Value | Percentage | |
---|---|---|
Total # of pairs | 7500199 | 100.0 |
Disclosed First Kid | 3750492 | 50.0 |
Disclosed Second Kid | 3749707 | 50.0 |
Disclosed Girl | 5002113 | 66.7 |
Disclosed Boy | 2498086 | 33.3 |
Value | Percentage | |
---|---|---|
Disclosed Girl | 5002113 | 100.0 |
First kid | 2500888 | 50.0 |
Second kid | 2501225 | 50.0 |
Disclosed Girl, other girl | 2501580 | 50.0 |
First kid | 1250803 | 25.0 |
Second kid | 1250777 | 25.0 |
Disclosed Girl, other boy | 2500533 | 50.0 |
First kid | 1250085 | 25.0 |
Second kid | 1250777 | 25.0 |
Disclosed Girl, pick girl, correct | 2501580 | 50.0 |
First kid | 1250803 | 25.0 |
Second kid | 1250777 | 25.0 |
Disclosed Girl, pick girl, wrong | 2500533 | 50.0 |
First kid | 1250085 | 25.0 |
Second kid | 1250448 | 25.0 |
Disclosed Girl, pick boy, correct | 2500533 | 50.0 |
First kid | 1250085 | 25.0 |
Second kid | 1250448 | 25.0 |
Disclosed Girl, pick boy, wrong | 2501580 | 50.0 |
First kid | 1250803 | 25.0 |
Second kid | 1250777 | 25.0 |
And it's still 50/50! Am I missing anything else?
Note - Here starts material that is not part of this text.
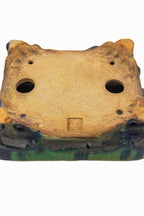 Small Rectangular Green Bushuan Japanese Bonsai Pot – Heavy Drip Glaze, Hand Carved, Cloud Feet, Chop Mark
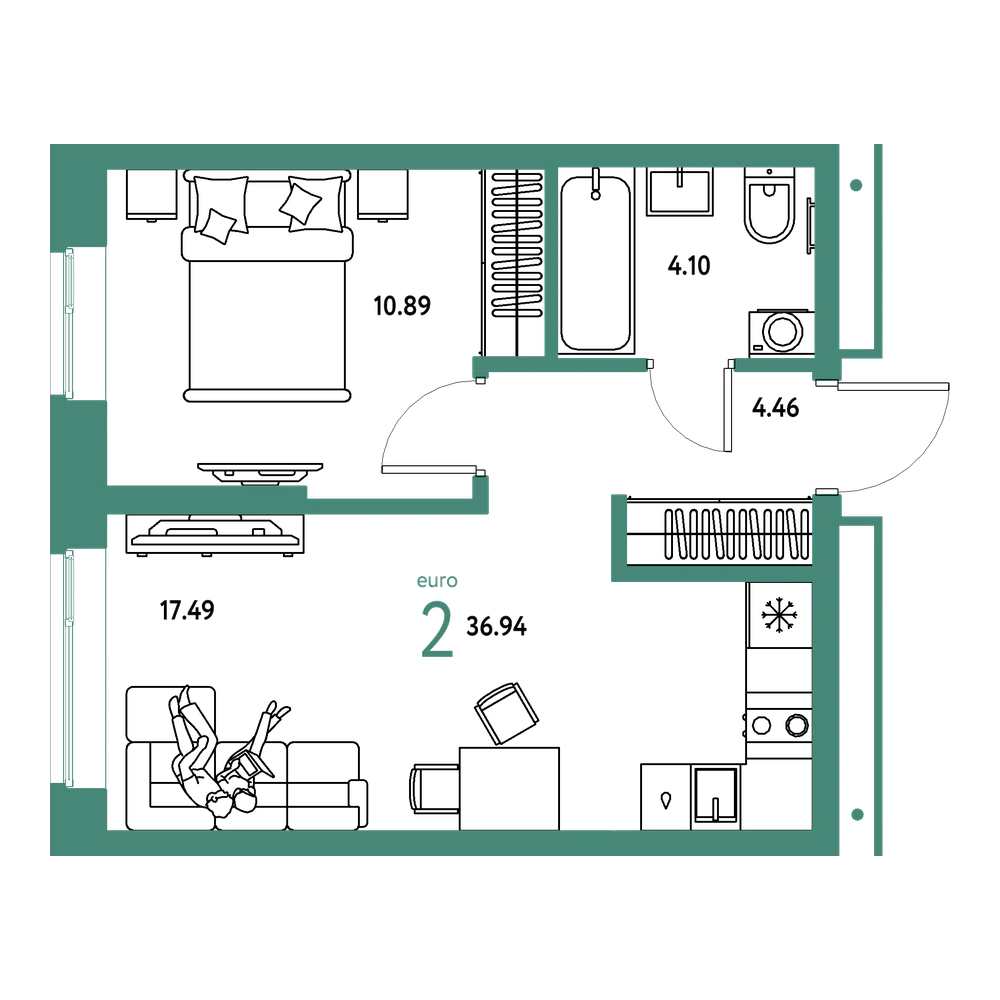 Планировка: Евродвушка 36,94 м²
Okay, re-read even more comments and looking closer at the original problem statment:
Let's say, hypothetically speaking, you met someone who told you they had two children, and one of them is a girl. What are the odds that person has a boy and a girl?
Coding Horror: The Problem of the Unfinished Game
Oh, there's an unstated assumption going on—namely, what gender the hypothetically speaking parent will reveal! So far, I've had the hypothetically speaking parent disclosing a randomly picked child (first or second), which could be either a girl or a boy. Add some more lines to force the child to be disclosed as a girl (if there is a girl) and …
Value | Percentage | |
---|---|---|
Disclosed Girl | 7500174 | 100.0 |
First kid | 4999692 | 66.7 |
Second kid | 2500482 | 33.3 |
Disclosed Girl, other girl | 2501019 | 33.3 |
First kid | 2501019 | 33.3 |
Second kid | 0 | 0.0 |
Disclosed Girl, other boy | 4999155 | 66.7 |
First kid | 2498673 | 33.3 |
Second kid | 0 | 0.0 |
Disclosed Girl, pick girl, correct | 2501019 | 33.3 |
First kid | 2501019 | 33.3 |
Second kid | 0 | 0.0 |
Disclosed Girl, pick girl, wrong | 4999155 | 66.7 |
First kid | 2498673 | 33.3 |
Second kid | 2500482 | 33.3 |
Disclosed Girl, pick boy, correct | 4999155 | 66.7 |
First kid | 2498673 | 33.3 |
Second kid | 2500482 | 33.3 |
Disclosed Girl, pick boy, wrong | 2501019 | 33.3 |
First kid | 2501019 | 33.3 |
Second kid | 0 | 0.0 |
That's what I'm looking for! That's the unstated assumption being made by the 2/3 camp! And my original summation of the whole problem: “The odds are 1/2, except, of course, when it's 2/3,” is correct (so to speak).
Sheesh!
So, I suck at statistics, and statistical word problems are hard to write properly.
And now I can put this problem to rest.